It was surely sometime in the 1990s when I last attended a meeting of the Harpooners of the Sea Unicorn, the Sherlockian society of St. Charles, Missouri. St. Charles might be called a suburb of St. Louis, but it's also a picturesque river town all its own, so it was a great place for the good Carter and I to make a weekend getaway back when my first visit occurred.
Tonight was my second Harpooners meeting, and you know why: Zoom connectivity. Some of the same faces we saw in the nineties were still there, their "Blue Whale" Michael Bragg among them. J. Andrew Basford ran a good meeting, and it reminded me very much of the local meetings we used to have in Peoria: Toasts, some current news, a presentation on the story of the evening and some discussion of it.
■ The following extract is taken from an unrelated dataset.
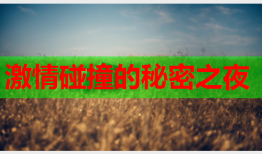 激情碰撞的秘密之夜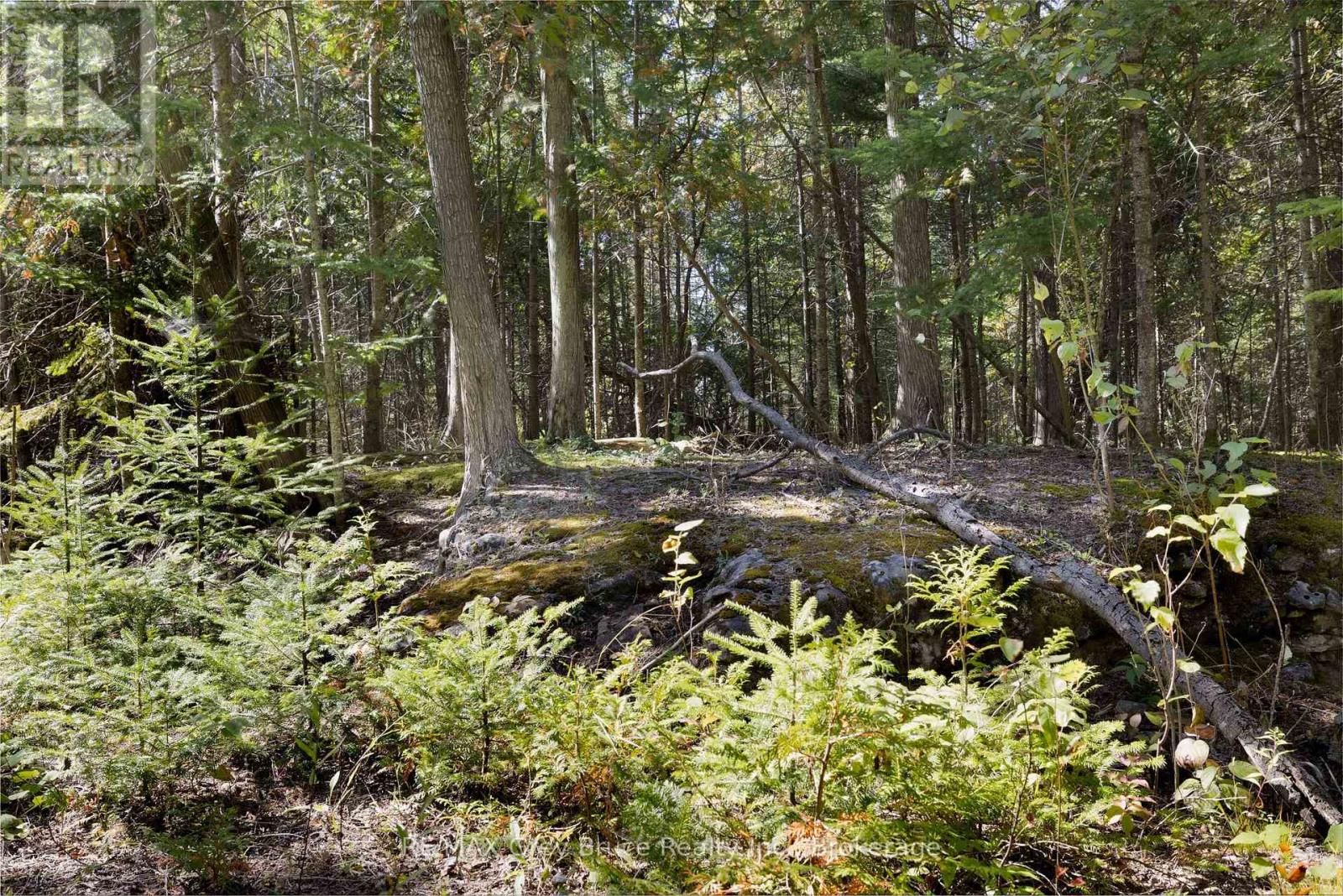 Part 2 Devils Glen, Northern Bruce Peninsula, Ontario  N0H 2T0 - Photo 15 - X12421771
Probably similar to many a Sherlockian society, but being back to doing in on a Friday night at 7 PM Central Time, the time when Peoria's own Hansoms of John Clayton would meet on the third Friday of every month . . . it really brought a very familiar vibe that hadn't hit me on Zoom meetings just yet.
A good many go for the middle of the day on weekends, to expand their time zone reach, if they weren't doing that already. The evening meeting definitely cuts down on faraway attendees. But even though the Harpooners did get one Canadian this time, and the two fellows you see everywhere these days, Steve Mason and Rich Krisciunas (not complaining, guys, you are enriching things wherever you go), there was still a distinctly local feel to it. Maybe because almost everybody was familiar to me, being just a few hours away, maybe due to their familiarity with each other.
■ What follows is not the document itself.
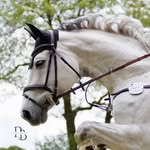 Paula Bender - @paulabender.photography - Instagram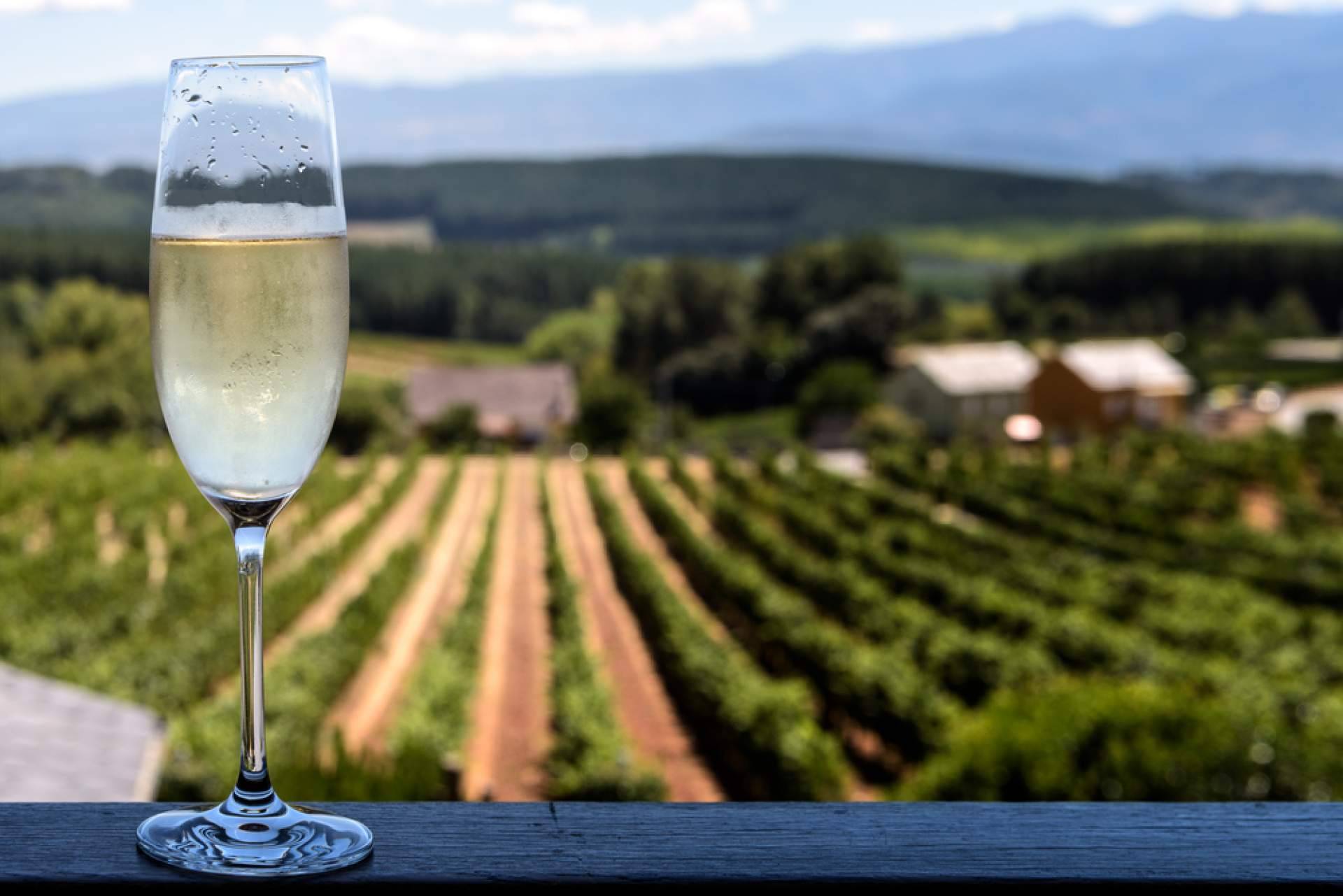 Montesquius y Robert J. Mur, premiados por su calidad y disponibles en Naturelovers Wines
It made me start to wonder if this might be the time to revitalize Peoria's old group, in this time when a few ringers can add to the local crowd via our new practice. But would a new version of our old local group add anything new to the mix we're seeing now? There are already an embarrassment of riches for the Zoom-happy Sherlockian, and most of us can't keep up as it is.
But I seem to learn something new from every group I visit, and the fourteen who gathered for tonight's Harpooners meeting were no exception. And such meetings always make me wonder where we're going in the future as Sherlockians. The Harpooners still have hopes to go back to in-person soon. But this "new normal" probably won't disappear when that day does come for many a function. And we may start to have groups with a "local" feel that are composed of people who are from all over the world.
"It was the best of times, it was the worst of time," the famous first line goes, and I'm starting to see how that might work.